To his relief, Rockstar and Take-Two were receptive. They brought in consultants to, as a Rockstar publicist later put it, “mature our understanding of the controversy issue,” so that they would “know how to respond when the heat came.” As Sam returned to the production of San Andreas, he had something hotter than ever in mind for the world's most notorious video game: sex.
18
Sex in San Andreas
THE DATE
On a good date, you earn 5% Girlfriend Progress. Add Flowers and a kiss to bump that figure up two percentage points. You can kiss and give gifts as much as you like on a single date, but they won't help beyond the first attempt. Girlfriend Progress (displayed in percentages) can be viewed in the “Achievements” option under “stats” in the Pause Menu.
It's always weird going back to the old neighborhood, but it sure feels strange the morning of Carl Johnson's return.
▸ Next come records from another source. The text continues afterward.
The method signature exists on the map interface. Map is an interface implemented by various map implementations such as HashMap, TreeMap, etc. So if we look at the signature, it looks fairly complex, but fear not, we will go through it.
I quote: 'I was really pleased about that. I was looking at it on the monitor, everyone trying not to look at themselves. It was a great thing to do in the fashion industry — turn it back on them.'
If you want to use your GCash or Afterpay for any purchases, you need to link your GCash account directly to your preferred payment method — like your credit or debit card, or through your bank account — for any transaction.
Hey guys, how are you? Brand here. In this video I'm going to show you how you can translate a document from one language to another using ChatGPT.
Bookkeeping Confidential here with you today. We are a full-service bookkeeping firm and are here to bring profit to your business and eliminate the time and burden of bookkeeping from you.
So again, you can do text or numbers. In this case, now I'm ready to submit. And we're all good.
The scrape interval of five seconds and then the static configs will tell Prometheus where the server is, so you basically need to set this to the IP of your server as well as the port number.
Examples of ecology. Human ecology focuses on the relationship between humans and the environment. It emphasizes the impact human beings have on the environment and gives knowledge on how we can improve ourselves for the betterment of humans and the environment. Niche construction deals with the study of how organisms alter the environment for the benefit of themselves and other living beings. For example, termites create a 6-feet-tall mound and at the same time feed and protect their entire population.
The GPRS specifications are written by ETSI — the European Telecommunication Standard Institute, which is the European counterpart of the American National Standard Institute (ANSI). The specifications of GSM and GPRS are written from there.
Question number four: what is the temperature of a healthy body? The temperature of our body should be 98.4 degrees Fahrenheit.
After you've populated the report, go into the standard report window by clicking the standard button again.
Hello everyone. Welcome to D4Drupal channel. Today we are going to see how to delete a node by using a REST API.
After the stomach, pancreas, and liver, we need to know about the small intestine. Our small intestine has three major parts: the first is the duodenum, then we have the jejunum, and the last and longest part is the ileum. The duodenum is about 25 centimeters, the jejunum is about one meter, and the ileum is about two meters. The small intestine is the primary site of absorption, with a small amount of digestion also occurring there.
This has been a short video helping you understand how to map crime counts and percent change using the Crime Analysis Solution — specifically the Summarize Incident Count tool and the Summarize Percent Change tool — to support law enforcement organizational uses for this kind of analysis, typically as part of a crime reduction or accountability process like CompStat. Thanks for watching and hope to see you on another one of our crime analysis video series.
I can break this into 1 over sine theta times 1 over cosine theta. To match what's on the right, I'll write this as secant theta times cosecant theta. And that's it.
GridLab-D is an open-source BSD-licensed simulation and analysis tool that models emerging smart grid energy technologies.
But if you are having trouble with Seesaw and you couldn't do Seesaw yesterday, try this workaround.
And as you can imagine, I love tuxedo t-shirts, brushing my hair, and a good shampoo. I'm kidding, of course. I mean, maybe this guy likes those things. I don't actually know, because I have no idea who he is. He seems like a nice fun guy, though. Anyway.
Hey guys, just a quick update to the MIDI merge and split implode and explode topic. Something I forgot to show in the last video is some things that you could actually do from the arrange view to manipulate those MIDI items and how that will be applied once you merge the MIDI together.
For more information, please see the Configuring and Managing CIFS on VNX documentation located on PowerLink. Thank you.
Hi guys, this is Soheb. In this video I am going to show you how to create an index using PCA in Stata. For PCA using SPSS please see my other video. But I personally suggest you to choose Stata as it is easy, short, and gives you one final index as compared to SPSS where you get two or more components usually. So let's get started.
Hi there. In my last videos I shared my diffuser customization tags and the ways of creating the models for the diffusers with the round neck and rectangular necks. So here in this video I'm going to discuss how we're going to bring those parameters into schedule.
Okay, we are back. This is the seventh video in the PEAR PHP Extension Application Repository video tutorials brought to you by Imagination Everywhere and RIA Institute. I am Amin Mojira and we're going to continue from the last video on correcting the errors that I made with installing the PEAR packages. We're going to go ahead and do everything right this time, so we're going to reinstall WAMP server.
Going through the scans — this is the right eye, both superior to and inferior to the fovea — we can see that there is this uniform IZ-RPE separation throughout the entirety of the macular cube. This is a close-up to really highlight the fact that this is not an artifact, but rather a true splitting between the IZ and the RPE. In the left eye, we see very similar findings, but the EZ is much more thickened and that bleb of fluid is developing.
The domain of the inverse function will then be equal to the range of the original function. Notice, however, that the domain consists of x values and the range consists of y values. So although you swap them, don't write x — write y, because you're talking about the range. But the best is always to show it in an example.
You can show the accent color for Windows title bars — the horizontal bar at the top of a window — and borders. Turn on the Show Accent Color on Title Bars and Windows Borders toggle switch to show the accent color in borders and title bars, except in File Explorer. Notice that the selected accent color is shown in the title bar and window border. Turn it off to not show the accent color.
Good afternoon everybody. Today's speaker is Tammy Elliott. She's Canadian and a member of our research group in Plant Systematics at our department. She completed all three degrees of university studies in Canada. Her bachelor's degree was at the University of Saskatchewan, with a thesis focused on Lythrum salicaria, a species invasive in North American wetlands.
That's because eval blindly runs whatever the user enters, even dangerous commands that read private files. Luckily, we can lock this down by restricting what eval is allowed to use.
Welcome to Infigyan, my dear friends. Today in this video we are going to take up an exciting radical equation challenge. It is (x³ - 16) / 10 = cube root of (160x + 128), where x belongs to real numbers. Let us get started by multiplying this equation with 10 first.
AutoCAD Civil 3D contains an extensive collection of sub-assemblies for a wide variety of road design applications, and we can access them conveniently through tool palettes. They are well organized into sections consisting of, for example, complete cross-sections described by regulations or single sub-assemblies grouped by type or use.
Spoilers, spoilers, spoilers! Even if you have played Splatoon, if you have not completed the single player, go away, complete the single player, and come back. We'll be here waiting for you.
Under a blue sky, he pedals his yellow BMX bike down the familiar city streets, past the Ideal Homies Store with its guns and jeans, past the yellow cabs and the vintage vans, past the brothers on the corner in their baggy pants, over the narrow bridge and around the bend by the tall chick in the thigh-high stockings and the halter top, down Grove Street along the small rundown houses behind chain-link fences, garbage outside and muscle cars in the driveway, until he comes to a stop outside a brown dilapidated home with palmettos shooting through the broken slats of a wooden fence outside. “Home,” CJ says to himself, “or at least it was before I fucked everything up.”
The moment he opens the paint-chipped front door and steps inside, he feels off-balance. He eyes the empty living room with fading blue wallpaper. The stairs leading up to his old bedroom. Worse, the home has been vandalized. Precious mementos scattered. He staggers dizzily, mouth agape, as he reaches for the framed photo of his dead mother on the floor. He props the photo gently up on a table, then pulls up a chair and stares at her face, head in hands.
This is the opening mission of GTA: San Andreas, and the gamers at Rockstar were watching CJ arrive at his home in Los Santos. With the staff growing, they had moved to a bigger office at 622 Broadway with foosball tables and arcade machines, but there was little time to play. By the middle of 2004, they were busy testing San Andreas, scouring for bugs in the software, then fixing the art and the code. As the cinematic sequence played, they found something new in the pixilated world—emotion. It was a feeling, something real and strange and evocative of the films they'd loved, something few would associate with GTA or video games at all: tenderness.
As Khonsari, the director of this and other cut-scenes in the game, watched CJ mourn, he felt particularly moved. For years, he had been making films in which he tried to evoke emotions from viewers, and now they were bringing this power to video games. He realized that video games might go even further than films, because of how they cast and immersed the player in the action firsthand.
Sam couldn't agree more. For San Andreas, he wanted to immerse players in their characters more than ever before. Rockstar achieved this in a most unexpected way—by transforming GTA into a kind of role-playing game, the genre Sam had disparaged for so long. RPGs, which dated back to Dungeons & Dragons pen-and-paper games, were built on personalization. Players chose their own characters at the onset—say, wizards or warriors—and assigned levels of intelligence and strength that could be augmented throughout the game experience. Although most common in fantasy RPGs, customization had become more fashionable in the industry, with even sports titles hyping their ability to let players create their own likenesses in the game.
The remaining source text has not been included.